Courting a solution
Tour of judicial system shows only part of problems
The need for efficient and adequate courtroom space in Benton County is real and remains unchanged after years of discussions among leaders of Benton County government and the judges, clerks and others who administer justice day in and day out. Discussions will continue this year, with a new county judge less likely to build a new, standalone facility near the county jail.
Barry Moehring has focused on keeping the courts downtown, and the Quorum Court, with new members, is still pondering its feedback.
So the Quorum Court took a tour the other night of the county courthouse and two nearby buildings also housing courtrooms and judicial offices, giving justices a chance to see the kinds of security and space challenges that come with a courts system spread around multiple locations and in old buildings. “It’s not right,” Judge Tom Smith said. “It’s not right to ask people to come to a courthouse and have kids and other people under great emotional stress, for a number of reasons, go through this.”

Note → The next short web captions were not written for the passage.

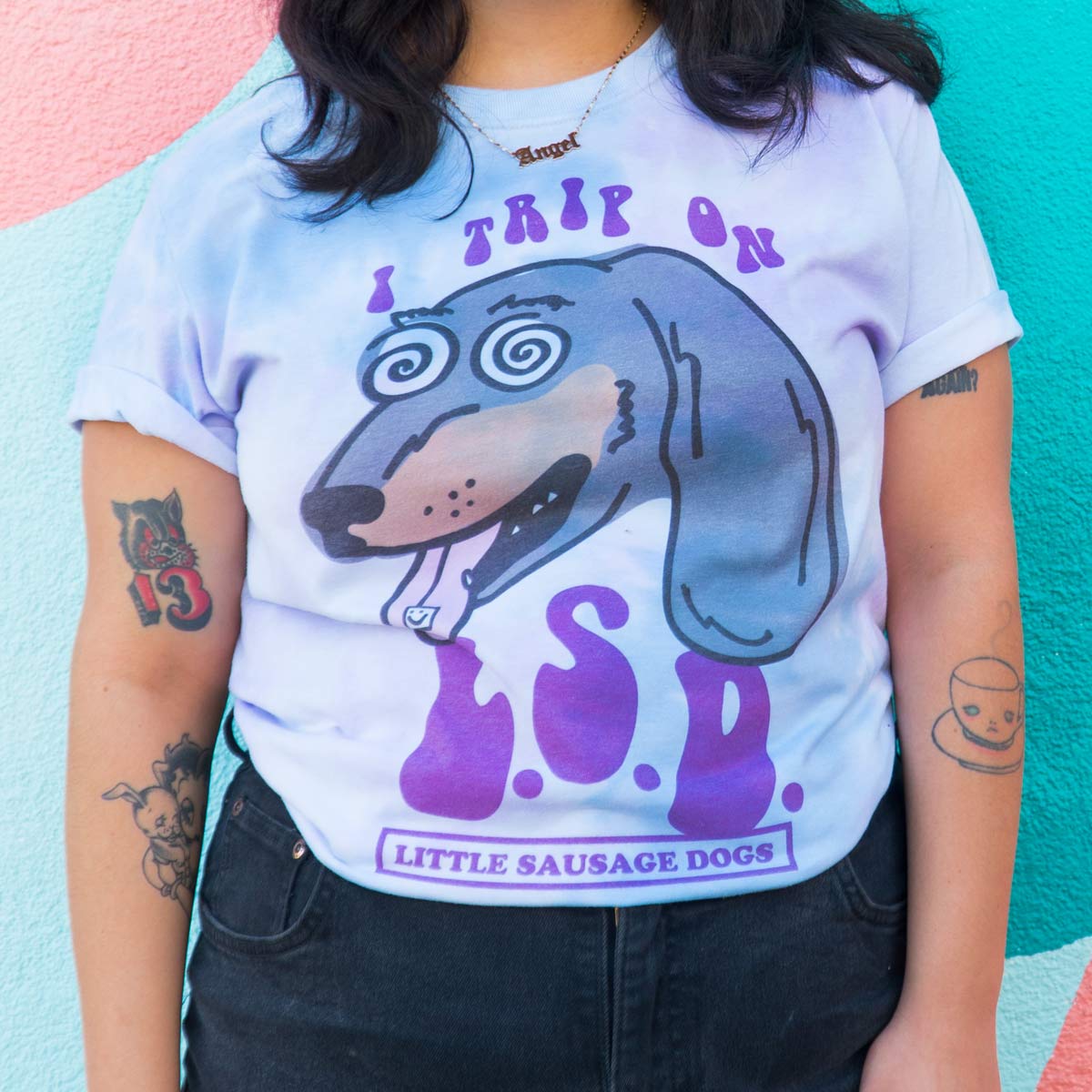 L.S.D unisex tie dye tee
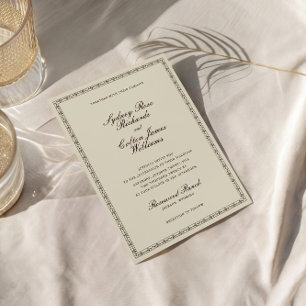 Romantische westliche verzierte Rahmen-Hochzeitsei Einladung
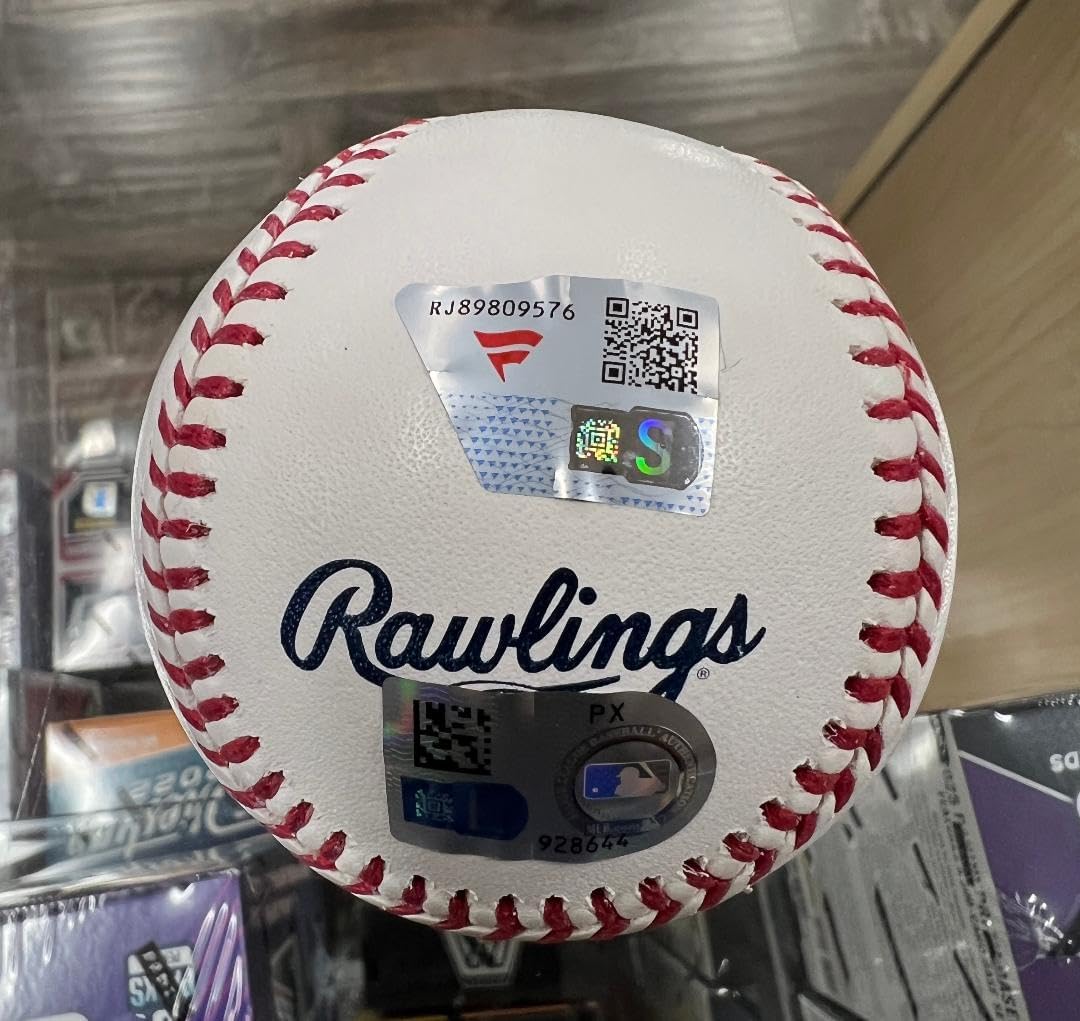 Mookie Betts Authentic Hand-Signed Official 2025 World Series Baseball - JSA Certified Collectible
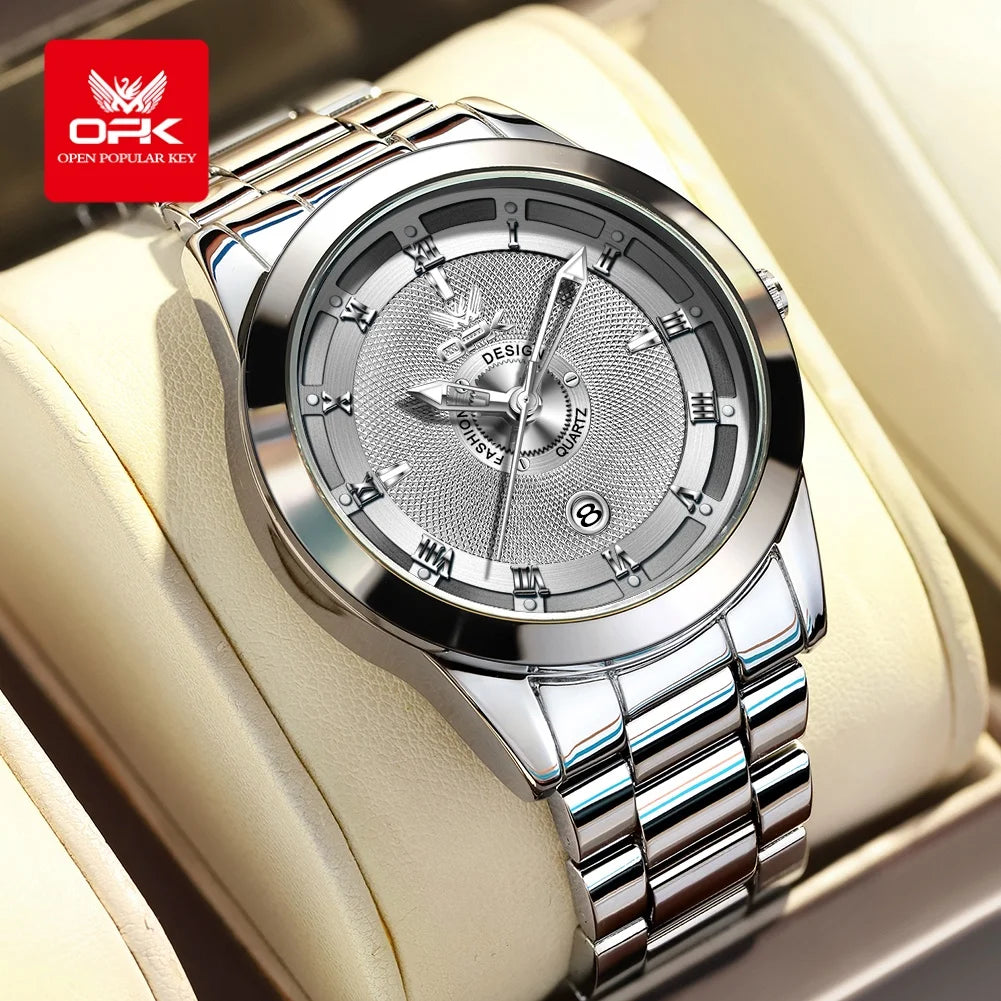 OPK 6056 New Men's Watch Fashion Dial Design New Men's Watch Fashion Dial Design Stainless steel Watches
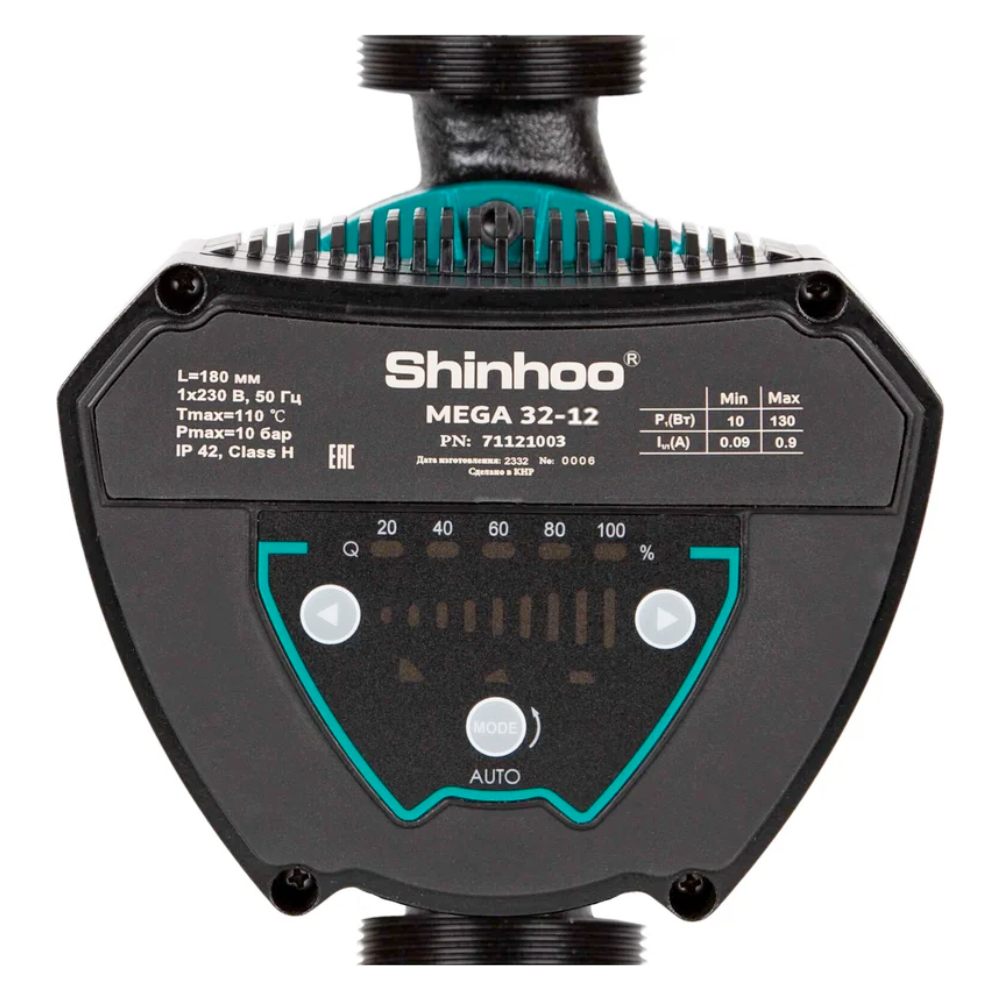 Циркуляционный насос MEGA 32-12 1x230V / Shinhoo фото на multiBOX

Unfortunately, the tour was late in the day, after the courts were closed, so let’s call it half a tour. Justices of the peace ought to visit again when the courts are in session, when people are struggling to find where they need to be and the hallways are crowded. In other words, go back when the courts are being used. It won’t take long to recognize Benton County hasn’t kept up with its needs.
Some justices say they plan to do just that, and it will no doubt help in future, challenging decisions. With Benton County’s growth, we continue to hope county leaders will solve, rather than patch, the problems with the courts.